Yaml has its uses cases where you want things json doesnt do like recursion or anchors/aliases/tags. Or at least it has had - perhaps cue/dhall/hcl solves things better. Jsonnet is another. I havent tried enough to test how much better they are.



I feel like these two tenets - (1) yaml should require quotes & (2) the value in yaml is in recursion/anchors - are fundamentally the opposite of why yaml exists & why people use it.

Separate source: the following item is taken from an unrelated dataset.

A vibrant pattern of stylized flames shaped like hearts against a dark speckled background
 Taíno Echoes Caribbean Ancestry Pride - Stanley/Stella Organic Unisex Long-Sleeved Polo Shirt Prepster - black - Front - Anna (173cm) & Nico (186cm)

The distinguishing draw of yaml is largely the "easiness" of not having explicit opening or - more importantly - closing delimeters. This is done using a combination of white-space delimiting for structure, & heuristic parsing for values. The latter is fundamentally flawed, but yaml fans think the flaws are a worthwhile trade-off. If you're going to bring delimiters in as a requirement, imho yaml loses its raison d'être.

Recursion/anchors/etc. on the other hand are optional extras that few use & some parsers don't even support. If they were the driving value of yaml they'd be more ubiquitous.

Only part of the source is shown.